この書物には、コレラの症状や治療法が具体的に記されており、初期段階でのキニーネの投与が有効であることが示されていました。洪庵はこの治療指南書を約100人の医師に無料で配布し、大坂一帯の医師たちがコレラ治療に当たれるよう支援しました。
ポンペがもたらした近代医学
オランダ海軍軍医ヨハネス・ポンペ・ファン・メールデルフォールトは、1857年に長崎に着任し、幕府が設置した海軍伝習所で医学教育を行いました。ポンペはコレラ治療において、従来の瀉血や催吐といった方法を否定し、解熱剤であるキニーネやモルヒネを用いた治療法を導入します。

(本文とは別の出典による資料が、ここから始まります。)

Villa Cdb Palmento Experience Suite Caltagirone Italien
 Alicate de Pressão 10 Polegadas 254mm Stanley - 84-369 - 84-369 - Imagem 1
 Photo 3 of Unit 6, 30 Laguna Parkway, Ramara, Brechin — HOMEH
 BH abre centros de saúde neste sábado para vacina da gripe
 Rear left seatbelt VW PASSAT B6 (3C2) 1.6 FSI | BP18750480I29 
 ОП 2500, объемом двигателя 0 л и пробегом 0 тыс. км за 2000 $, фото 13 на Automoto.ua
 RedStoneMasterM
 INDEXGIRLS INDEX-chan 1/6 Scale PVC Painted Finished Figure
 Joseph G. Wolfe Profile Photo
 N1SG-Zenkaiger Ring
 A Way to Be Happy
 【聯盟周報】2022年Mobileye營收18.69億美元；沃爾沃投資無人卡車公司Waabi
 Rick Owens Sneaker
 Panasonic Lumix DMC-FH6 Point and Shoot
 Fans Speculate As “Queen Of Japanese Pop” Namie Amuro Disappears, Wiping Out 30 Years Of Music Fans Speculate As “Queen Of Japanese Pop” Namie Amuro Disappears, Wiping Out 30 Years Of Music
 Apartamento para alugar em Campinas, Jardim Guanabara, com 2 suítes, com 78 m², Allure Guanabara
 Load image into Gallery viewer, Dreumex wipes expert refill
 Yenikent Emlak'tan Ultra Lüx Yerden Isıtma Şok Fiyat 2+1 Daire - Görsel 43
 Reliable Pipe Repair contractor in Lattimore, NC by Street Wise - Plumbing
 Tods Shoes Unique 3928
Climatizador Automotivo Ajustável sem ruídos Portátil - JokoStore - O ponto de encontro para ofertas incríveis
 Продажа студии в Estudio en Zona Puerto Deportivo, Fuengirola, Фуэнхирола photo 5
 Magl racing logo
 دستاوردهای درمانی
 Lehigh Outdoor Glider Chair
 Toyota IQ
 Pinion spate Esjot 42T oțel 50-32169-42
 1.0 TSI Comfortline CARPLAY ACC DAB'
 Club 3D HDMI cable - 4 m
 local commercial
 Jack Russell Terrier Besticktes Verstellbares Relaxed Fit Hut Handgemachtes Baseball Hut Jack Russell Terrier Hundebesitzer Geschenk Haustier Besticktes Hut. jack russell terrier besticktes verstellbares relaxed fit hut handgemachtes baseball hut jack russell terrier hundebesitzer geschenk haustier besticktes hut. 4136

この方法により、患者の生存率は大幅に向上しました。ポンペの教えを受けた日本人医師たちは、各地でコレラ治療の最前線に立ち、西洋医学の有効性を実証していきました。
種痘の普及——もう一つの功績
コレラと並んで幕末の日本を脅かしていたのが天然痘です。緒方洪庵は天然痘に対しても積極的に取り組み、種痘(ワクチン接種)の普及に尽力しました。大坂に除痘館を開設し、牛痘苗を用いた予防接種を広めたことで、多くの命が救われました。洪庵はまた、日本初の病理学教科書『病学通論』を著し、西洋医学の体系的な導入に大きく貢献しています。
幕末の医療が現代に残した教訓
情報共有の重要性
緒方洪庵が治療指南書を迅速に編纂し、医師たちに無料で配布したことは、現代の感染症対策にも通じる教訓です。パンデミック時には正確な医療情報を素早く共有することが、被害を最小限に抑える鍵となります。
科学的アプローチの転換点
蘭方医たちの活躍は、日本の医療が経験則に基づく伝統医学から、実証に基づく科学的医学へと転換する大きなきっかけとなりました。明治以降、日本は急速に西洋医学を取り入れ、北里柴三郎のような世界的な医学者を輩出するまでに至ります。
まとめ
幕末の蘭方医たちは、社会が大きく揺れ動く時代のなかで、命を守るために全力を尽くしました。緒方洪庵による『虎狼痢治準』の迅速な配布、ポンペによる近代的な治療法の導入は、いずれも日本の医療史における重要な転換点です。
彼らの物語は、未知の感染症に立ち向かう際に必要な「科学的な視点」「情報の共有」「迅速な行動」の大切さを教えてくれます。幕末の医師たちの奮闘を知ることは、現代に生きる私たちにとっても多くの示唆を与えてくれるでしょう。